■ **Collected data**:
───

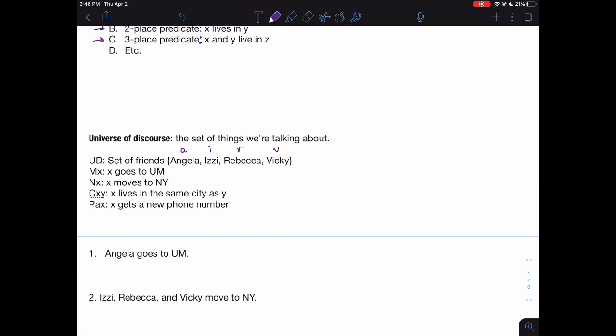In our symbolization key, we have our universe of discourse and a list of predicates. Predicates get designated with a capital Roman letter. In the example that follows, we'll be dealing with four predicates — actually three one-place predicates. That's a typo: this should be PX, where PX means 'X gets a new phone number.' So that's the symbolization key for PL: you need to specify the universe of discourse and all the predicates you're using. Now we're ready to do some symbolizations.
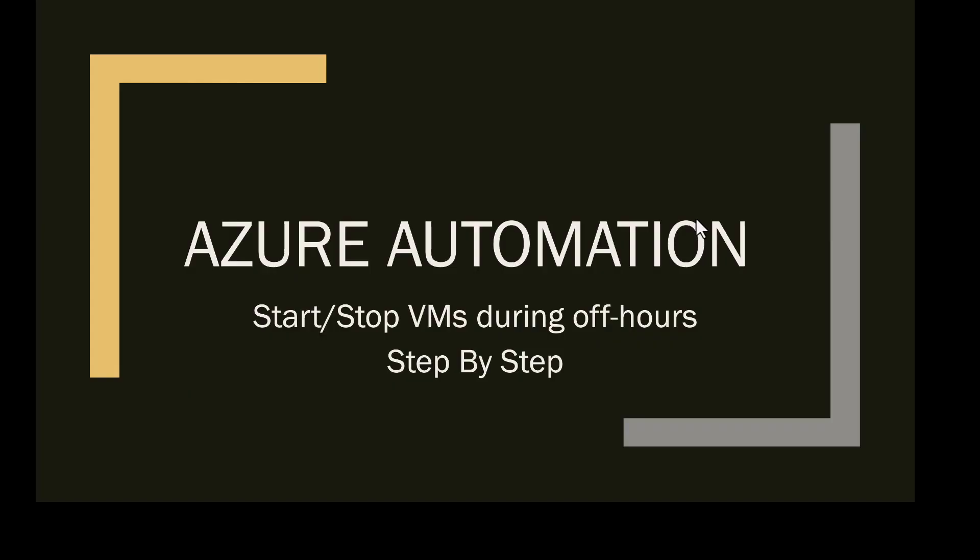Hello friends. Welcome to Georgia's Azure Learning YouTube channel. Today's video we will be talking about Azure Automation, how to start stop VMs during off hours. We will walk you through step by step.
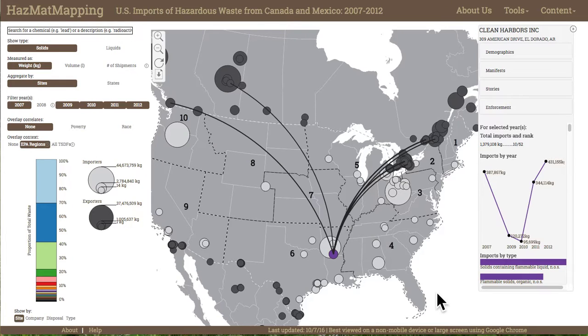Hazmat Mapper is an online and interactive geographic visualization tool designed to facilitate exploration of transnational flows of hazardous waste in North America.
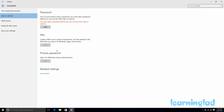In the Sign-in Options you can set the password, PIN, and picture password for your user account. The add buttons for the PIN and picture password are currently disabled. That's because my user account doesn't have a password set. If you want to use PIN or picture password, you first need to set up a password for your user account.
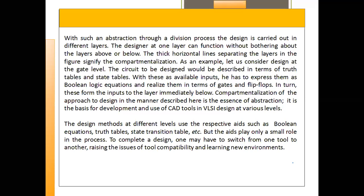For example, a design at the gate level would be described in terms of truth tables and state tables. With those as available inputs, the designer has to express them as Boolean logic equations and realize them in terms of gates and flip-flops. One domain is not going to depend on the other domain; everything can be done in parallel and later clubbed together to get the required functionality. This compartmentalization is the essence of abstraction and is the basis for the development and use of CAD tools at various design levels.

───

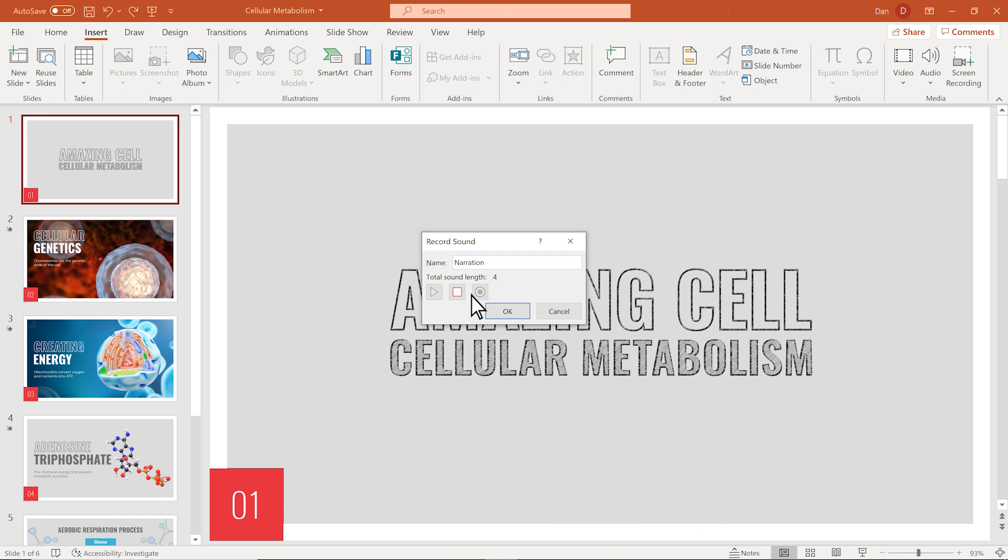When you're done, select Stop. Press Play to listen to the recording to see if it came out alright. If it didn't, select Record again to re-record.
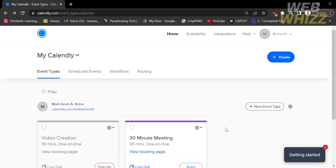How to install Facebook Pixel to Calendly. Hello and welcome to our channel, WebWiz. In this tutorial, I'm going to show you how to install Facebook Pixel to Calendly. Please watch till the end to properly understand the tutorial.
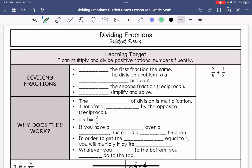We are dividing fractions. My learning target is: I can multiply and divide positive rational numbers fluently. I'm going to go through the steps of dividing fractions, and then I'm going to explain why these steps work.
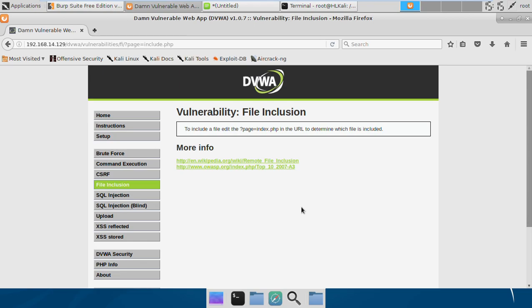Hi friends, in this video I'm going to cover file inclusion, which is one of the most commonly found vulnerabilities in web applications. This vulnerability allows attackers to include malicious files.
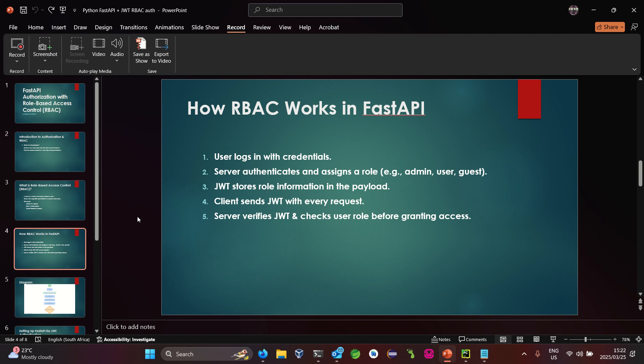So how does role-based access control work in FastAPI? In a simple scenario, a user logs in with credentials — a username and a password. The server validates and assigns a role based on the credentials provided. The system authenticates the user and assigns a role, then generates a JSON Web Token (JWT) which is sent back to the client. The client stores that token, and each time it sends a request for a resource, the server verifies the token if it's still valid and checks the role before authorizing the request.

───

■ **Action item**: Would you output only the span of the records above that opens with the line containing "When you're done, select" and closes with the line containing "Hi friends, in", ends included and pictures dropped?

■ **Response area**:
When you're done, select Stop. Press Play to listen to the recording to see if it came out alright. If it didn't, select Record again to re-record.
How to install Facebook Pixel to Calendly. Hello and welcome to our channel, WebWiz. In this tutorial, I'm going to show you how to install Facebook Pixel to Calendly. Please watch till the end to properly understand the tutorial.
We are dividing fractions. My learning target is: I can multiply and divide positive rational numbers fluently. I'm going to go through the steps of dividing fractions, and then I'm going to explain why these steps work.
Hi friends, in this video I'm going to cover file inclusion, which is one of the most commonly found vulnerabilities in web applications. This vulnerability allows attackers to include malicious files.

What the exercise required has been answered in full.